To do:
Leaving out all pictures, return exactly the lines from the one that contains "High Executive 80" through the end of the data below.

Recorded information:
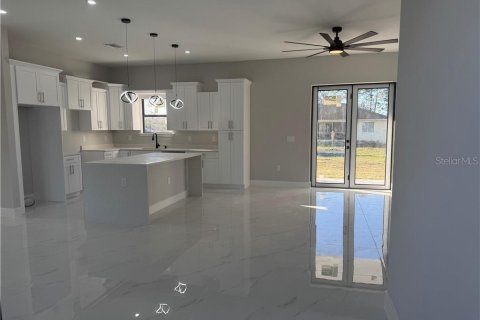 House in Lehigh Acres, Florida 3 bedrooms, 139.17 sq.m. № 1635066 - photo 4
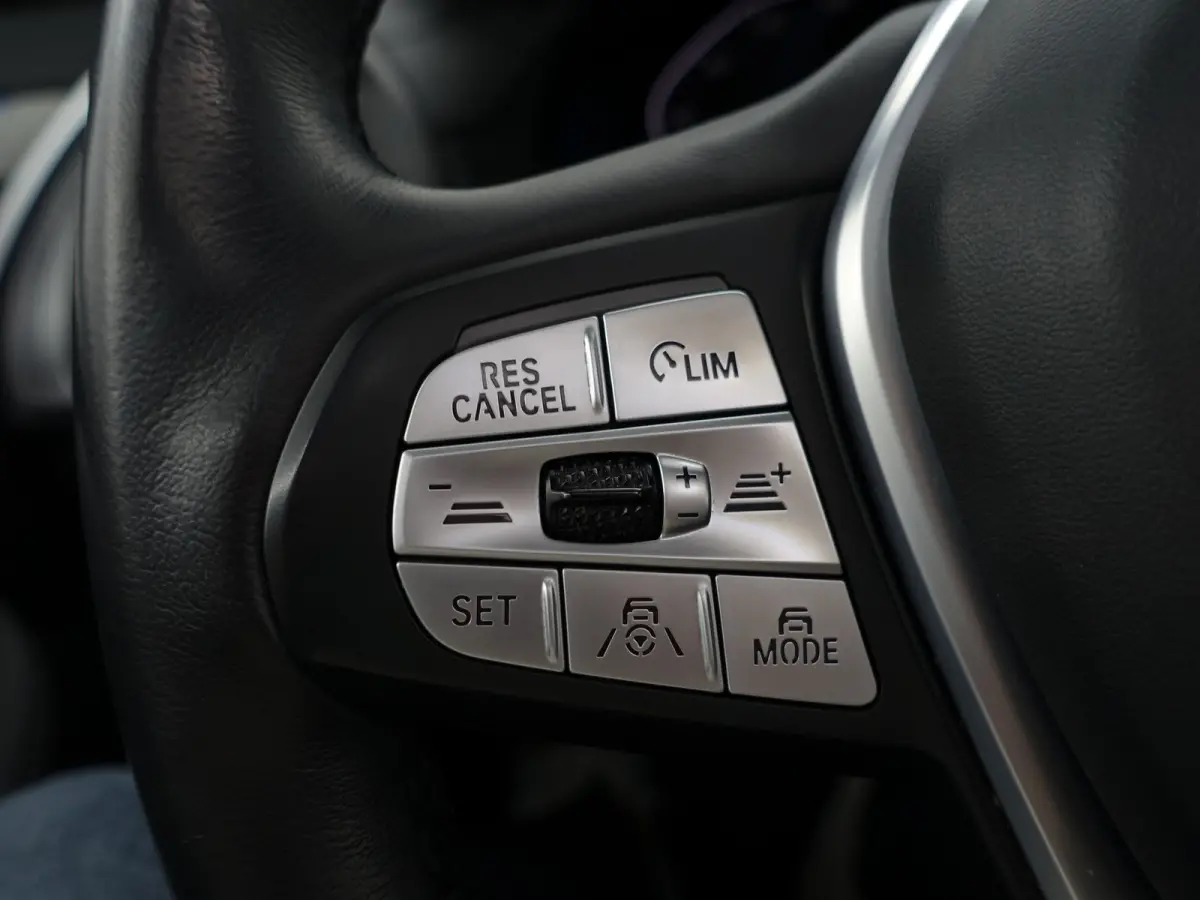 High Executive 80 kWh M Sport Aut- SOH 97%, Panoramadak, Harman Kardon, Head Up, Memory, CarPlay, Sfeerverlichting, 360 Camera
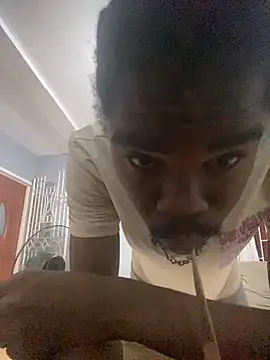 Snapshot of simp699999 chatting on November 22, 2025, 4:11 am simp699999 online show from November 22, 2025, 4:11 am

The completed task:
 High Executive 80 kWh M Sport Aut- SOH 97%, Panoramadak, Harman Kardon, Head Up, Memory, CarPlay, Sfeerverlichting, 360 Camera
 Snapshot of simp699999 chatting on November 22, 2025, 4:11 am simp699999 online show from November 22, 2025, 4:11 am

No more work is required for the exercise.